Running Sort
Basic Configuration
At minimum, sort requires a set of trimmed reads and a genome to align to from the species the small RNAs came from. If trim is in the same config file, the set to trimmed reads will be taken from the output of trim. Examples are as follows.
Without running trim.
smallRNA_fastq: smallrna_trimmed.fastq
sort:
genome: genome.fasta
With running trim.
smallRNA_fastq: smallrna_untrimmed.fastq
trim:
...
sort:
genome: genome.fasta
Once this config is written, it can be run as usual using:
$ hlsmallrna config.yml
Tip
Remember if you install via apptainer or docker you will need to prepend the command from the install page. For apptainer this command becomes:
$ apptainer run -B $HOME:$HOME hlsmallrna.sif hlsmallrna config.yml
Optional Parameters
align_to_cds
If true aligns reads that don't align to the genome to the specified CDS file, keeping any that align. This allows for small RNA that are fragments of genes and align accross introns to be kept as they may not align to the genome.
cds: cds_sequences.fasta
...
sort:
...
align_to_cds: True
min_length
Sets a minimum sequence length to look at (default is 18 nt). Anything shorter is filtered during sorting. e.g. to filter anything below 10 nt set the following:
sort:
min_length: 10
max_length
Sets a maximum sequence length to look at (default is 30 nt). Anything longer is filtered during sorting. e.g. to filter anything above 50 nt set the following:
sort:
max_length: 50
mismatches
Number of mismatches to allow in bowtie2 when aligning to the genome and CDS, defaults to 0. See the Considerations page for information about why you'd want to change this. The example below sets this to allow 1 mismatch:
sort:
mismatches: 1
Warning
The small RNA pipeline supresses gaps by makeing them equal to 100 mismatches. If you set this over 100, some gaps may be included in the alignment.
Output Files
alignment_report.tsv
This is a table showing an overview of how many small RNA reads successfully aligned to the genome and optionally the CDS. It contains the following metrics:
- Total Reads
- Total Mapped
- Percentage Mapped
- Total Unmapped
- Percentage Unmapped
- Mapped to Genome
- Percentage Mapped to Genome
- Unmapped to Genome
- Percentage Unmapped to Genome
- Mapped to CDS
- Percentage Mapped to CDS (but not to genome)
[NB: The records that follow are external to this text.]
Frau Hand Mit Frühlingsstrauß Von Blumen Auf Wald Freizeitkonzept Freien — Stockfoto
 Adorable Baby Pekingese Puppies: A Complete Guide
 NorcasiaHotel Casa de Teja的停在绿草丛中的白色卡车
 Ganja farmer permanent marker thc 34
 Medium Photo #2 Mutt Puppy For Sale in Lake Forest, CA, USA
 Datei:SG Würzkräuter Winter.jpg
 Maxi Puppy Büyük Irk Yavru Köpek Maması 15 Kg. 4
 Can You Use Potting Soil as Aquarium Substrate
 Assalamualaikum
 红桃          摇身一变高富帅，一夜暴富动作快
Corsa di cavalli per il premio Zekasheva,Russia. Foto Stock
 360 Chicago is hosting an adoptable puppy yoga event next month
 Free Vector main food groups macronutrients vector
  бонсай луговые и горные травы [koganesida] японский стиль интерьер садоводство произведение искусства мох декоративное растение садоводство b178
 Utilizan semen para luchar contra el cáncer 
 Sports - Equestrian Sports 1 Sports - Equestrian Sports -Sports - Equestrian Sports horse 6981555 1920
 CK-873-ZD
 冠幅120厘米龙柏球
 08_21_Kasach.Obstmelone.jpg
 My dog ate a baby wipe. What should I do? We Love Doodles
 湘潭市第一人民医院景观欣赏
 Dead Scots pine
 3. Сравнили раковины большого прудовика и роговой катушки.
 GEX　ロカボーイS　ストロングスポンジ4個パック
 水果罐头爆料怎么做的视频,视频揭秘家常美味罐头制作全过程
- Unmapped to CDS or genome
- Percentage Unmapped to CDS or genome
counts.tab
Read counts is TSV format for each small RNA sequence, designed as input to a differential expression analysis, if that wanted.
rna_length_report.csv
Table of counts of small RNA for each length and first base, in a easily human readable format.
baseplot.png
Plot of frequency of length and first base in the dataset.
baseplot_data.csv
That length and first base data used in baseplot.png - normalised to percentages. Should be used if the user wants to replot that graph or feed into downstream analysis.
binned_length_rna
Directory containing FASTQ files for each RNA length - named lengthX.fastq where X is the length of small RNA in the file.
binned_group_rna
Directory containing FASTQ files for each RNA group - defined by length and first base - named {length}{first_base}.fastq (e.g. 22G.fastq) where {length} is the length of small RNA in the file and {first_base} is the letter corresponding to the first base.